The Madam and the Spymaster: The Secret History of the Most Famous Brothel in Wartime Berlin by Nigel Jones, Urs Brenner,
and Dr. Julia Schrammel

After sundown, at a respectable address in Berlin, Nazi libertines went in and out of Salon Kitty, a brothel that was an illicit little toast to the Weimar years. Inside, a single mother from Hamburg popped corks for Hitler’s minions and adversaries alike. The S.S. used the louche environment to spy on Kitty’s besotted patrons, through mikes in the upholstery and clerks in the basement. The transcripts are lost to time, and we can’t be sure whether the sex workers even knew about the side hustle. But the authors of The Madam and the Spymaster listen carefully, sorting through 80 years of echoes.
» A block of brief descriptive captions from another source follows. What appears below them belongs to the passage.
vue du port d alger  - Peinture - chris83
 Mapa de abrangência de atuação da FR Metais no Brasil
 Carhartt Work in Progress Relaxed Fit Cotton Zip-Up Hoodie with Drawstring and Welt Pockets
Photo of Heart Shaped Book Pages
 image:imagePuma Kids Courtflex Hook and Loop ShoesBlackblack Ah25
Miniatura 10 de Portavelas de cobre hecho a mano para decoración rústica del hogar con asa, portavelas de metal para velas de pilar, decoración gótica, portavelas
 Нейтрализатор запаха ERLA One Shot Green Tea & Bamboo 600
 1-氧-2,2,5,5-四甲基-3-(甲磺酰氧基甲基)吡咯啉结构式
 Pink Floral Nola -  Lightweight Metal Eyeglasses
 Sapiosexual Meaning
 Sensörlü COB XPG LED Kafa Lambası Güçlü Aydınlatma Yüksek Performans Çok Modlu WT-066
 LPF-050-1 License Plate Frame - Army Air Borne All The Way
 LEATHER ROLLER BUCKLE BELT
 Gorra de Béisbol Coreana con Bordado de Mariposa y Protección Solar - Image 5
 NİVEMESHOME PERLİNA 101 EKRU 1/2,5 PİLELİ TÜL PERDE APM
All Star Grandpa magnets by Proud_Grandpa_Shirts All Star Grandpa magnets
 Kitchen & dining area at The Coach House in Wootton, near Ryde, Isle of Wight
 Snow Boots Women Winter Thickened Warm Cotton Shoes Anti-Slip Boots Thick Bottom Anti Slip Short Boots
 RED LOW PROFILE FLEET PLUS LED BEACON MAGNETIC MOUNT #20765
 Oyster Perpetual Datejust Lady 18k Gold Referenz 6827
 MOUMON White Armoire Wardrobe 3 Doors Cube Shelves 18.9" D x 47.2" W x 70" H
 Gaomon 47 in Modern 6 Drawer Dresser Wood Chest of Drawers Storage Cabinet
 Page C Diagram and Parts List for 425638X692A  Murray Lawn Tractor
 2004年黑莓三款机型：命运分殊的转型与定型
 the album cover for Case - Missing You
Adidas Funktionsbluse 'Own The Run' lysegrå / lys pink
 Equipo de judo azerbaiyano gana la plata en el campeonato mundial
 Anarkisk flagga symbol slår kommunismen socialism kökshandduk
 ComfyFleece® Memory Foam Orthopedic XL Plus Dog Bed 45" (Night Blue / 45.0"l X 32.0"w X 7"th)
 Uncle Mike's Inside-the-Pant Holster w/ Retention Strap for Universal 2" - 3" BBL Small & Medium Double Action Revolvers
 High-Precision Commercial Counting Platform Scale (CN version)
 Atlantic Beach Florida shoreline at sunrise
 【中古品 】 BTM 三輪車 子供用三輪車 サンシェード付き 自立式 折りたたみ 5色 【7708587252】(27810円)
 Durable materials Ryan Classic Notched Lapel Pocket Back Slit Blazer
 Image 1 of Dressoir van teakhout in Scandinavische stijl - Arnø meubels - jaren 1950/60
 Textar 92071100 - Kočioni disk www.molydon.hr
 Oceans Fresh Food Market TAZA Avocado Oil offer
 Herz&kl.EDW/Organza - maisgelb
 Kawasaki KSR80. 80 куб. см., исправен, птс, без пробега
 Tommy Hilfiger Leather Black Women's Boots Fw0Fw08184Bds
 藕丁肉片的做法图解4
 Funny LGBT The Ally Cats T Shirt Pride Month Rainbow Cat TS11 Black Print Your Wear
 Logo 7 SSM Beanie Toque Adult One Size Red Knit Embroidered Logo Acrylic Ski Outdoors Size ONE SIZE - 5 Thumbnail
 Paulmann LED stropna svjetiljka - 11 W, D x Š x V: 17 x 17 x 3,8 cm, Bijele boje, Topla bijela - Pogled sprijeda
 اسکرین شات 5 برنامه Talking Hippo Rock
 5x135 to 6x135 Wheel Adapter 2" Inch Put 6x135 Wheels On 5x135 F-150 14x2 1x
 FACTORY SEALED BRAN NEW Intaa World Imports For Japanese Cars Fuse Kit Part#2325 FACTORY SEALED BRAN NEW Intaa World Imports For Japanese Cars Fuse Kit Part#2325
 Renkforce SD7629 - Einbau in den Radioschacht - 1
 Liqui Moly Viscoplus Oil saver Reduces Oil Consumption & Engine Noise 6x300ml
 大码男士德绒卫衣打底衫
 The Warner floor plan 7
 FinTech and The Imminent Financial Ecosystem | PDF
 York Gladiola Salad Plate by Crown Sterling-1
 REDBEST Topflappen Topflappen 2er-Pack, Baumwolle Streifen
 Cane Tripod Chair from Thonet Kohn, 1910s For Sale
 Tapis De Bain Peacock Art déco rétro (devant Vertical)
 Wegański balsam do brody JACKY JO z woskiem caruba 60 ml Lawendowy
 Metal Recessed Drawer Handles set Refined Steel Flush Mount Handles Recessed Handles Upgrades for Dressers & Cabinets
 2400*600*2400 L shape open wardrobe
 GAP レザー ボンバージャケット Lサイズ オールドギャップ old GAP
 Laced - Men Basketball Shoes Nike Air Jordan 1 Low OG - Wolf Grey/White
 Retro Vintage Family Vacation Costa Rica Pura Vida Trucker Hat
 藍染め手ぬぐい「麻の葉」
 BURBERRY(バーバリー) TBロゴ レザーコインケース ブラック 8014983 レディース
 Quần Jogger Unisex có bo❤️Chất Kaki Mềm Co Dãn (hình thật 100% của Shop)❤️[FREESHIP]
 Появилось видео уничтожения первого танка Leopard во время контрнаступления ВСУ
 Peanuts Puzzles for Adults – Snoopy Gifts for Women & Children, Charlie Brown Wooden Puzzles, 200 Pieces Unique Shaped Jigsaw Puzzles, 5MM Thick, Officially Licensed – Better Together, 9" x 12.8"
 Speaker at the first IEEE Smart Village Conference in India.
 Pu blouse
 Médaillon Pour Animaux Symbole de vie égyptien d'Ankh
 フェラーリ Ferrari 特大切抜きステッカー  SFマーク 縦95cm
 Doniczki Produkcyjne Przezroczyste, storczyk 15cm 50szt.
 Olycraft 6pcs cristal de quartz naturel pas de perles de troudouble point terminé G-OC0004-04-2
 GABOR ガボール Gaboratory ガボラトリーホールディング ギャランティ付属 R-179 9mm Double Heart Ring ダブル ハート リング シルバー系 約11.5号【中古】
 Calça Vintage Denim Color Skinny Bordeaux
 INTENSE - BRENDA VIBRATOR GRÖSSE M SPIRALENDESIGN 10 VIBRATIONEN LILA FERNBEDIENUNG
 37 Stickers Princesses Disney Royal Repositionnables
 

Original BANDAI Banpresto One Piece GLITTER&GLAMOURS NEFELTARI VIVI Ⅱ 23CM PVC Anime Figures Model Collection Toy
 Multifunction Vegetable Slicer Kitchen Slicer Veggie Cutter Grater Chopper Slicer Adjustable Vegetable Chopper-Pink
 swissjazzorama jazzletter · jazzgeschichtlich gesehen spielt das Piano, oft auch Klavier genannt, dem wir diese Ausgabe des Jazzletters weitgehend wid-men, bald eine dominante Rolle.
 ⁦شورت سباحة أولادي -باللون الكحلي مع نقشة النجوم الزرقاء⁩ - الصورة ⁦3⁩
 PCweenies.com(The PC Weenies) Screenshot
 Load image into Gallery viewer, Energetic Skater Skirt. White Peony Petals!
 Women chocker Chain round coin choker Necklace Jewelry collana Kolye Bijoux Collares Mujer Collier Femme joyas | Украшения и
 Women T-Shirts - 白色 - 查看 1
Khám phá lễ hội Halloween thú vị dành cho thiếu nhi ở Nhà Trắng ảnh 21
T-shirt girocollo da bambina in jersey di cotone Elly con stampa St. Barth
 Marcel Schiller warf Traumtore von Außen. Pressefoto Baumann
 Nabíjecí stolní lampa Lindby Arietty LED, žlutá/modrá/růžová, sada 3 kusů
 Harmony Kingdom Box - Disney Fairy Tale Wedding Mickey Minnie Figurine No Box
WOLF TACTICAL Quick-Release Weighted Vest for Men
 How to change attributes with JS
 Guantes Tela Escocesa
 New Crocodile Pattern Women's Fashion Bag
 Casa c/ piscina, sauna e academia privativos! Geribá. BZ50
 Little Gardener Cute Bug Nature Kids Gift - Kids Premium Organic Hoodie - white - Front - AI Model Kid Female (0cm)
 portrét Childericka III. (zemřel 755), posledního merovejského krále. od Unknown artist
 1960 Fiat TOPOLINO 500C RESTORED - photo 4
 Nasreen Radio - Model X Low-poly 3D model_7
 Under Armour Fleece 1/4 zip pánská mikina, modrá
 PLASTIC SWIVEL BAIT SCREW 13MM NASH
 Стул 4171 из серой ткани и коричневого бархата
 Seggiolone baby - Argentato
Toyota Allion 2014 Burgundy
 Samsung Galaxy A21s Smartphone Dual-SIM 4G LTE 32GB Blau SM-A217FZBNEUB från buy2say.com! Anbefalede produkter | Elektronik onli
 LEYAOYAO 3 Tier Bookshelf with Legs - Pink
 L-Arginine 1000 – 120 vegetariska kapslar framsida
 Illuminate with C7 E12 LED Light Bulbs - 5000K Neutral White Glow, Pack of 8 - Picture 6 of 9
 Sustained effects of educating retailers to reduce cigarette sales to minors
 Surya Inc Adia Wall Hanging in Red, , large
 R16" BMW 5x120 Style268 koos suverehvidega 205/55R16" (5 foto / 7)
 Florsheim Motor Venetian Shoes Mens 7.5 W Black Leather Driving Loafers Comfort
It’s tantalizing to imagine pillow talk changing the course of history. The concept of Salon Kitty has inspired biographers and filmmakers and memoirists with their semi-assertions and soft-core fantasies. The latest authors—Nigel Jones, Urs Brunner, and Dr. Julia Schrammel—strain to sort the facts. As they close in on the truth, the conclusion gets further away. Their nearly 300-page project is not an airtight testimony about what happened but a waltz through a whispery bordello, where something definitely happened.